DATELINE: Amelia Island (near Jacksonville, Florida)
Remembering Wednesday 1 August 2012, 4:30 Am

ELVIS QUOTE:
“We were poor, man, poor…and we left for Memphis overnight.”

ELVIS TRIVIA:
Does the Sun Records Studio label depict a sunrise or a sunset?

ELVIS HISTORY:
Sunday 1 August 1954
Elvis gives a short interview on KWEX radio in West Memphis Arkansas. This large city, considered part of the Memphis metropolitan area, is located directly across the Mississippi from Memphis.

At that time, Elvis was still only a regional phenomenon. He was still working his regular job at Crown Electric and earned $42.51. Scotty Moore and Bill Black also continued their day jobs until about mid-October. Elvis will not receive a royalty check from Sun Records until November.

Elvis will not become a national star until he comes to Jacksonville, Florida and Judge Gooding catapults him into fame and the history books by saying, “Don’t move so much as a little finger.”

The photographers for “Life Magazine” snapping pictures of screaming girls, along with the local police lined up waiting to arrest Elvis, and Judge Gooding the audience (along with his daughters) made for an exciting night in Jacksonville.

AMELIA ISLAND, FLORIDA:
Wednesday 1 August 2012
Today, with the help of Steve Covey and Sherry Czerniejewski, I am going to publish Elvis Fans in the 21st Century

The book has been a long, long time coming. I had two offers to publish the book in past years, but the offers came with the same caveat—I had to write some really good dirt on Elvis for spice.
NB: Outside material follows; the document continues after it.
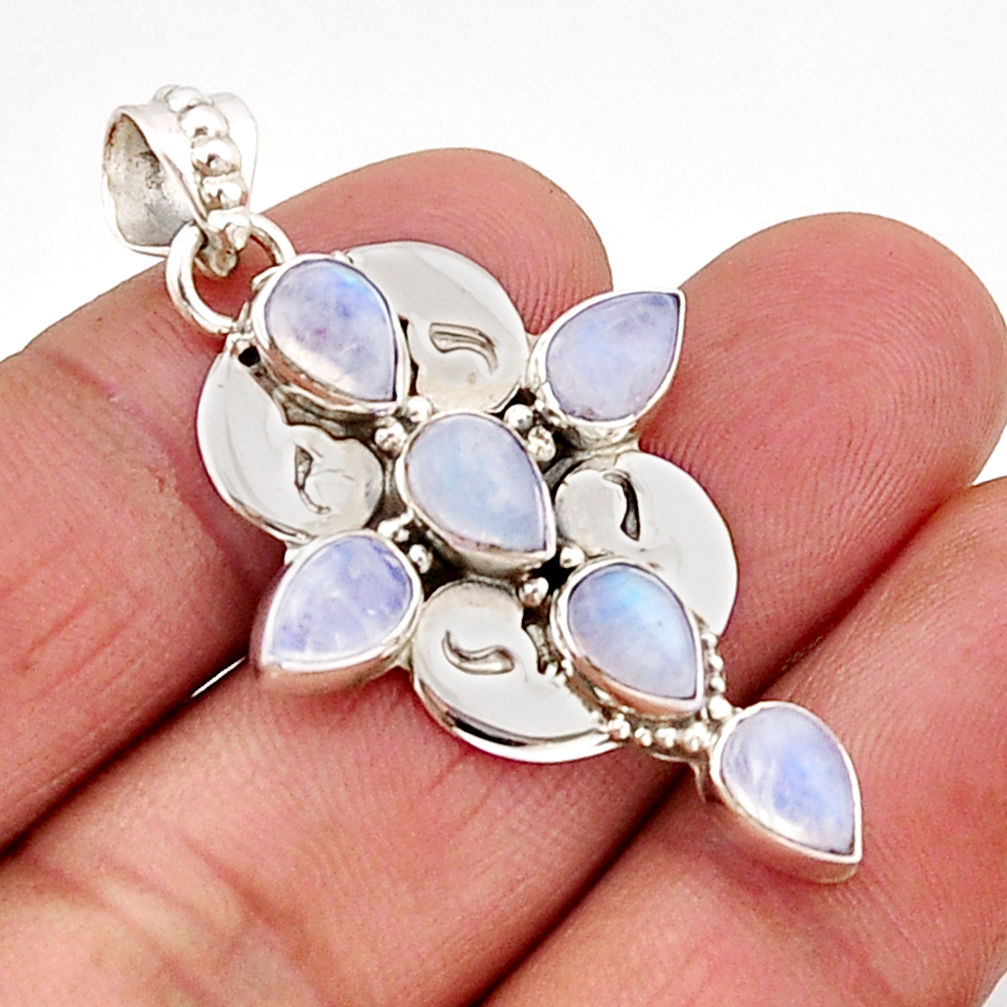 11.27cts natural rainbow moonstone 925 sterling silver holy cross pendant y63961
Never would I publish anything about Elvis that didn’t stress how nice, and how religious, he was.

The cover of my book is a grainy, slightly-out-of-focus photograph of Elvis standing in a hotel doorway in Tampa when he came there for the first time. It was taken by a (then) thirteen-year-old Wanda Sprung with her Brownie Camera. She showed me the camera and the negative.

Her interview, videotaped by my daughter, Jayme Trolle, on 21 July 2012 in Tampa, is the last interview in the book.
The book is dedicated to Norma Mercedes Williams. Without her we couldn’t have written a book about Elvis—and to Sherry Czerniejewski and Steve Covey. Without my critique partners there would be no books at all from me.

TRIVIA ANSWER:
The rooster suggests it’s a sunrise.